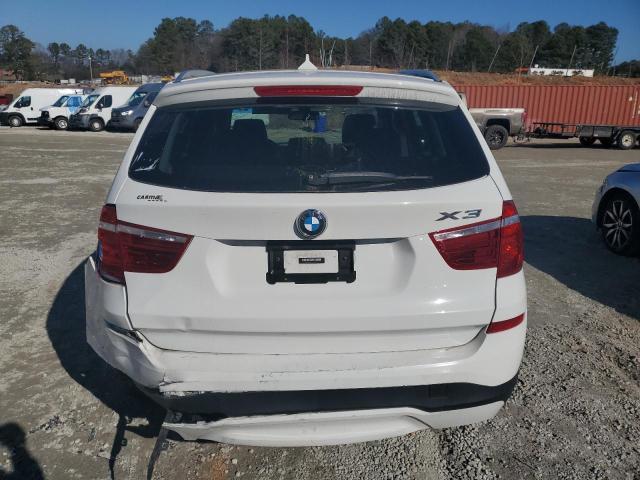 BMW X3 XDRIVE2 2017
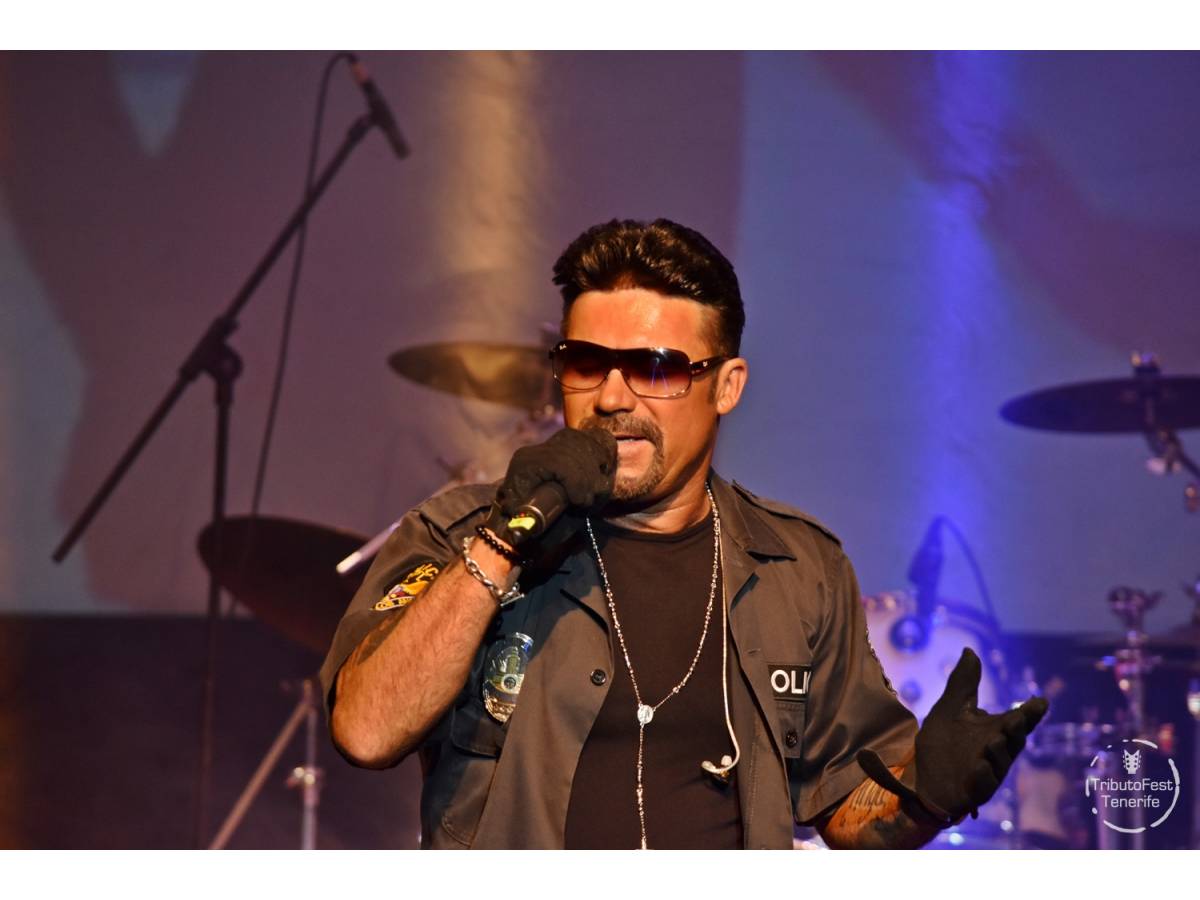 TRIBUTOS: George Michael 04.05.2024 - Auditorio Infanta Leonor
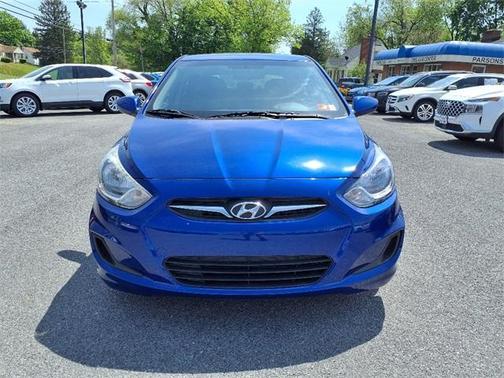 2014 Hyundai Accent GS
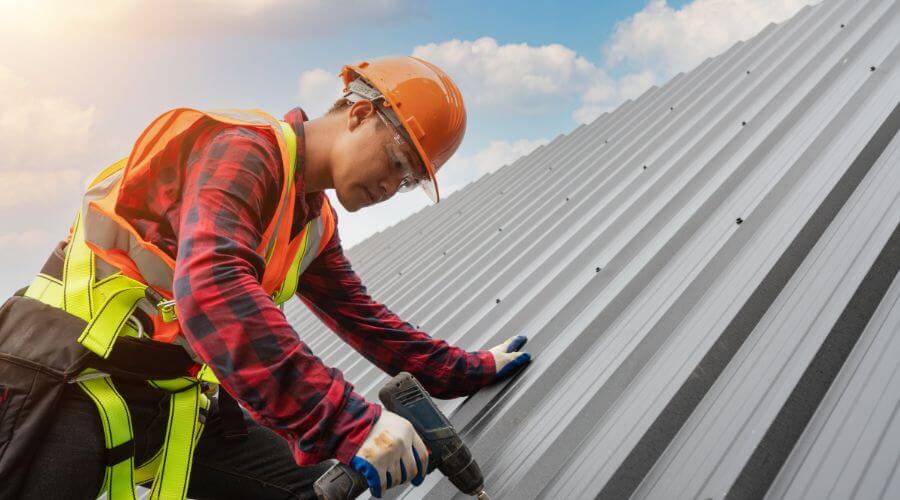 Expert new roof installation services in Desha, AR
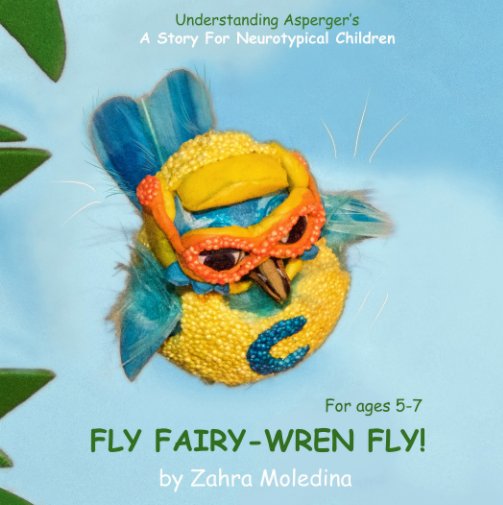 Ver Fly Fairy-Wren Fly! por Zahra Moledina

________

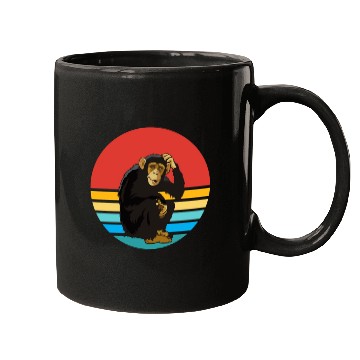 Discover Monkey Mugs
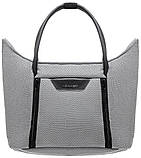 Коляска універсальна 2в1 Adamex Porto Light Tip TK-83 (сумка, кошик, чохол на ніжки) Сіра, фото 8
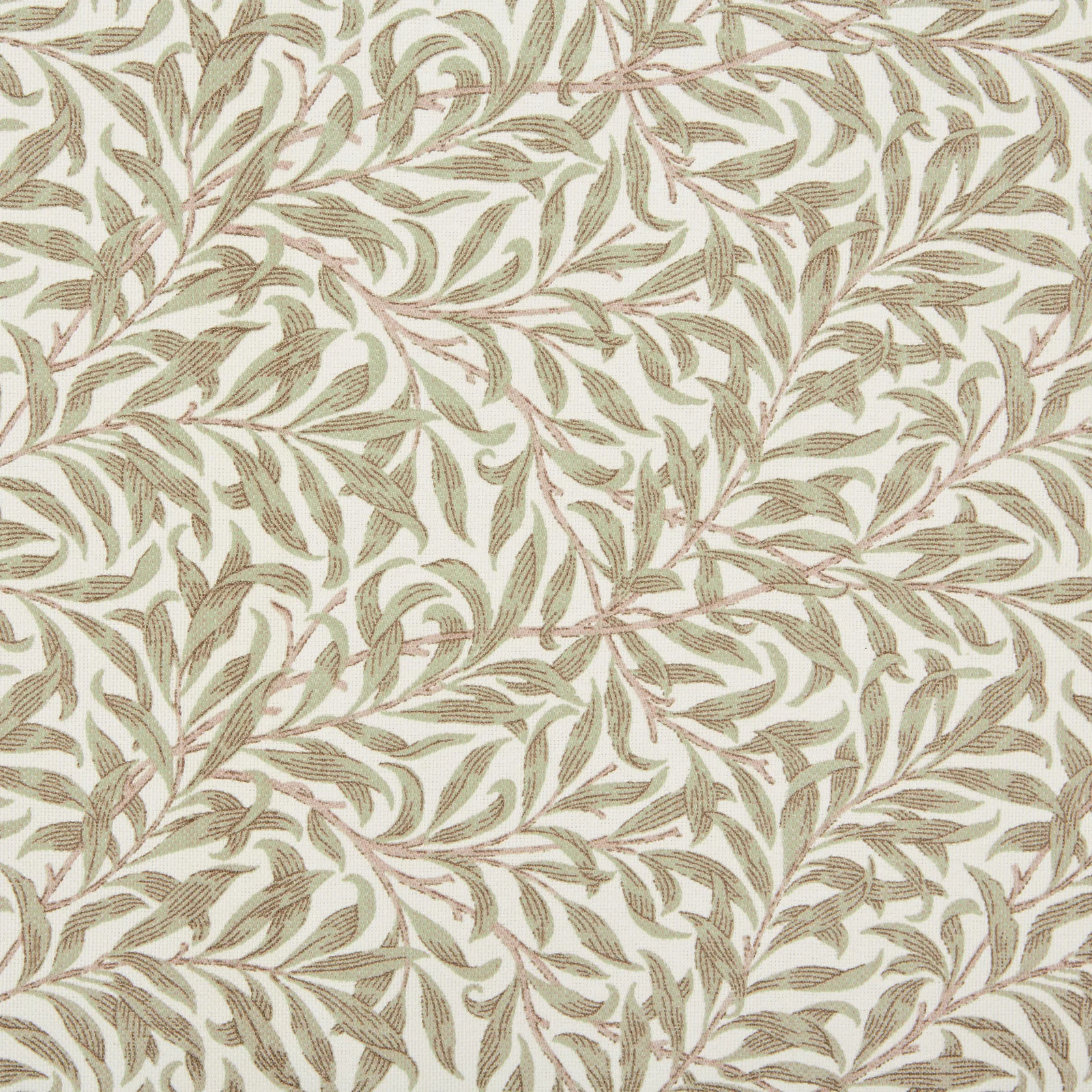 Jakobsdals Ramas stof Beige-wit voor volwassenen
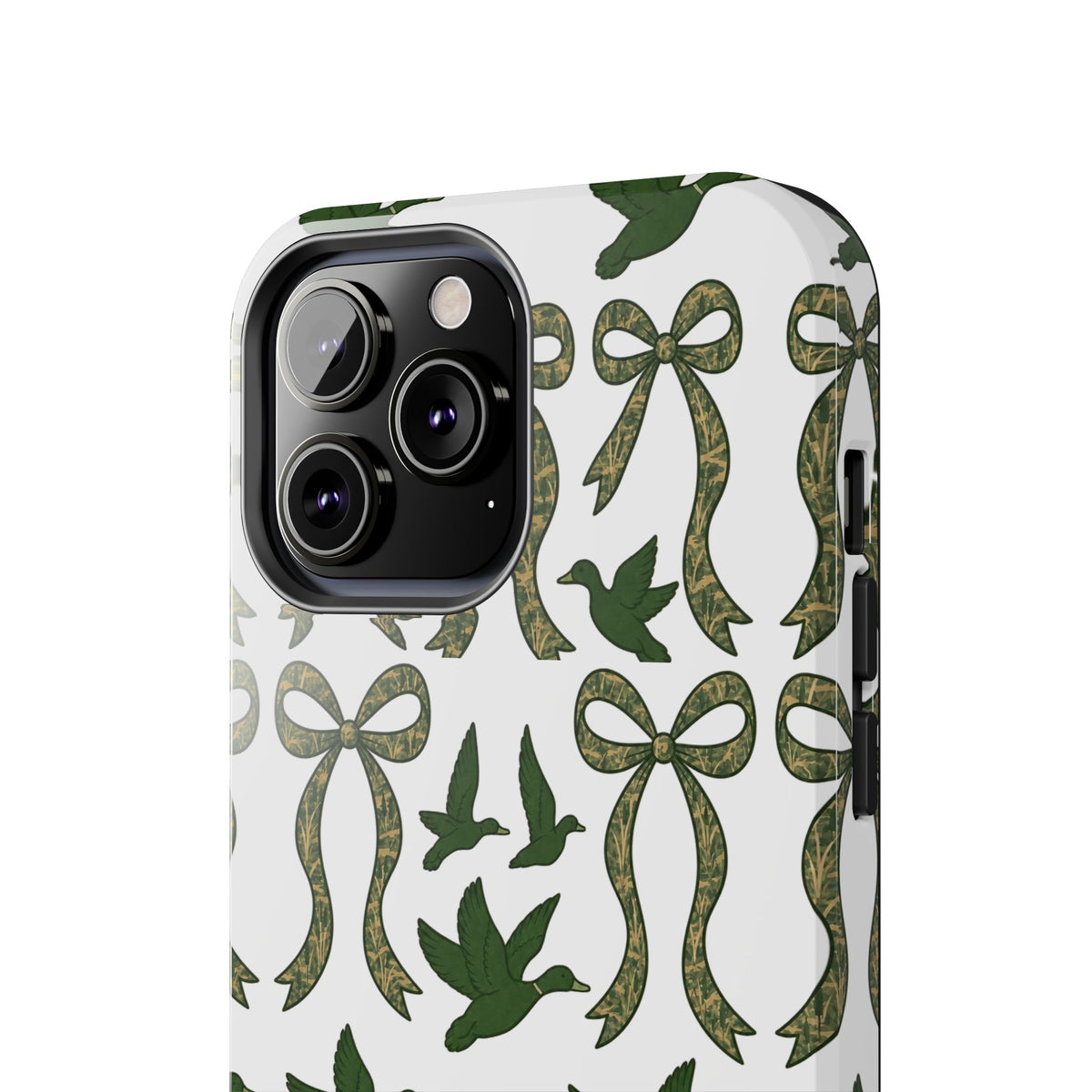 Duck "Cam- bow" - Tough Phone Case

________

» PROBLEM DESCRIPTION: With the pictures omitted, restate word for word the lines above from the line that has "BMW X3 XDRIVE2 2017" up to and including the line that has "Ver Fly Fairy-Wren Fly! por Zahra Moledina", and no other lines.

» EXERCISE RESULT:
 BMW X3 XDRIVE2 2017
 TRIBUTOS: George Michael 04.05.2024 - Auditorio Infanta Leonor
 2014 Hyundai Accent GS
 Expert new roof installation services in Desha, AR
 Ver Fly Fairy-Wren Fly! por Zahra Moledina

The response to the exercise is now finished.